Has anyone got the scores for the Wales v England (5th-6th place) match, and the Sweden v Italy (7th-8th) play-off match please?

Also the Croatia v Catalonia group match scores weren't published before either, and the Croatia v Germany Semi final scores are also missing from any of the previous posts and comments or at least I can't find them.

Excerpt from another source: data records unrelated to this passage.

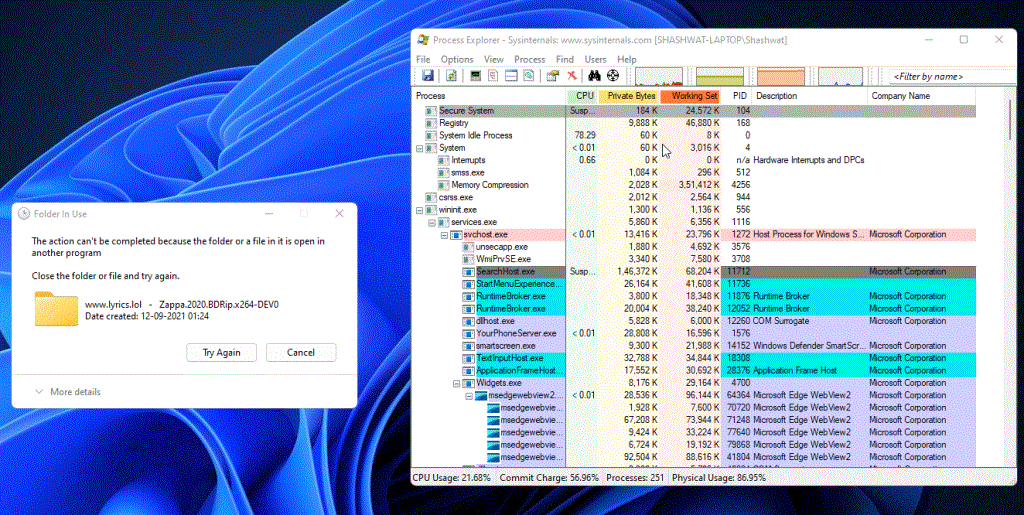 Windows11で現在使用されているファイルまたはフォルダーを見つける方法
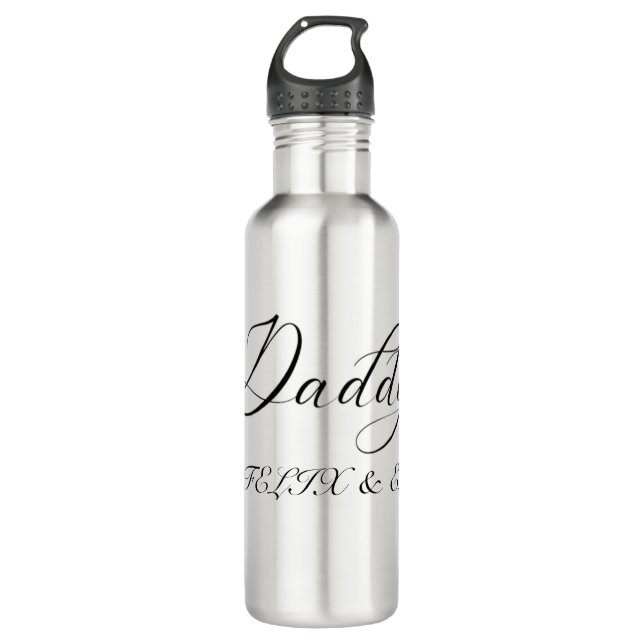 Daddy | Kids Names Modern Father's Day Script Stainless Steel Water Bottle (Front)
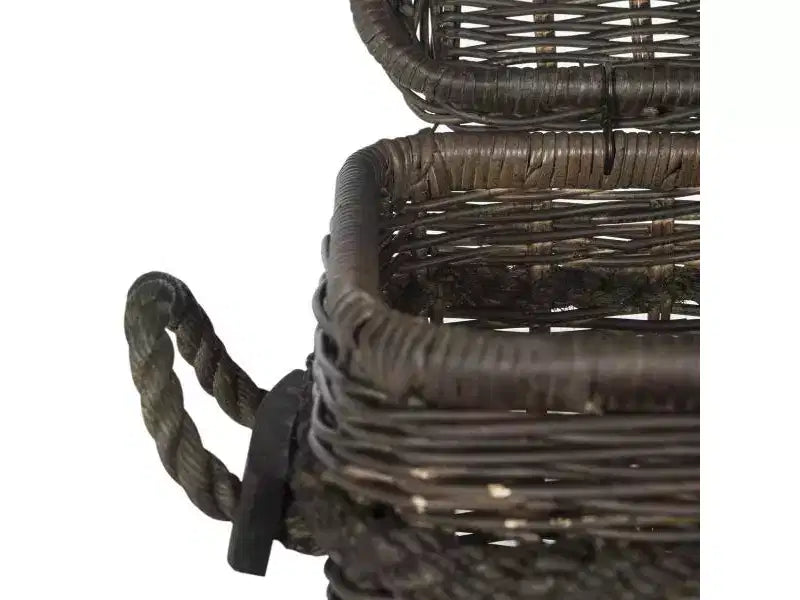 Cesto portabiancheria in vimini di rattan con coperchio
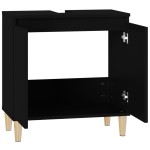 vidaXL Dulap de chiuvetă, negru, 58x33x60 cm, lemn prelucrat vidaXL Dulap de chiuvetă, negru, 58x33x60 cm, lemn prelucrat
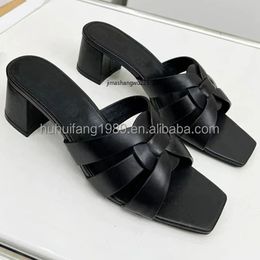 Summer 2024 New Versatile Square Head Open Toe Mid Heel Slippers for Women Large Muller Shoes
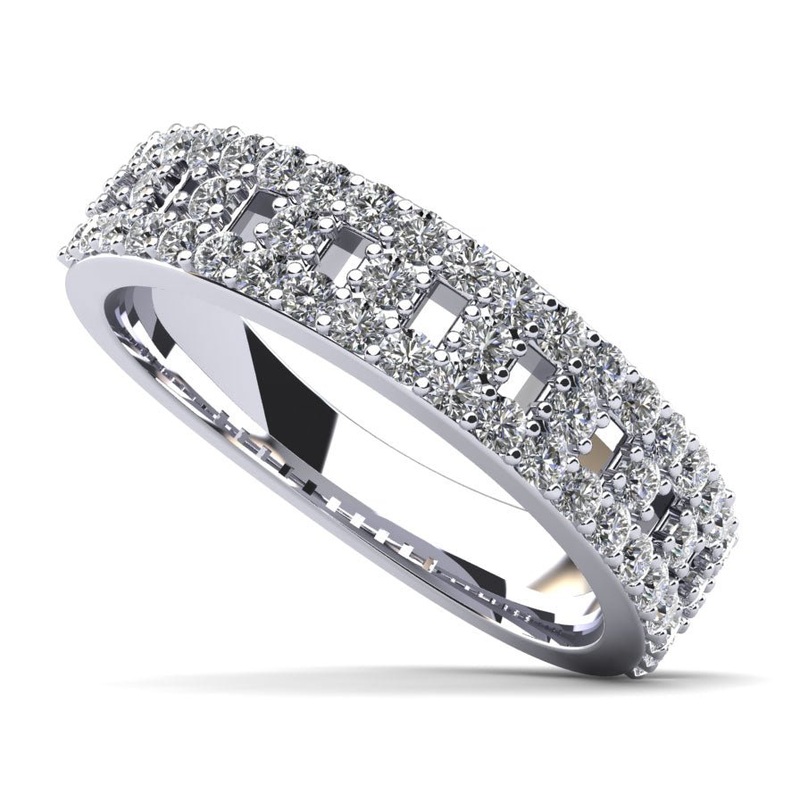 Modern Lab-Grown Diamond Anniversary Ring with 0.69 ct.(finished) 1.4mm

Need these scores so that a European 9's ranking scheme can be collated if people are interested.

Thanks
Cam

Analysis by the numbers (team by team review) – Axios Euro Cup 2014
Authored by: Ian Hill on Wednesday, October 08 2014 @ 04:07 pm ACDT
All the scores I've found are here:-
http://www.thefootyrecord.net/index.p...aboption=3
Analysis by the numbers (team by team review) – Axios Euro Cup 2014
Authored by: Cam Homes on Wednesday, October 08 2014 @ 04:19 pm ACDT

DUH! Thanks Ian.

I would have eventually gone to the Record to find all the scores, but it is a bit debatable how long it would taken for me to think of that :-)

Her "in doors" tells me its pensioner's disease setting in.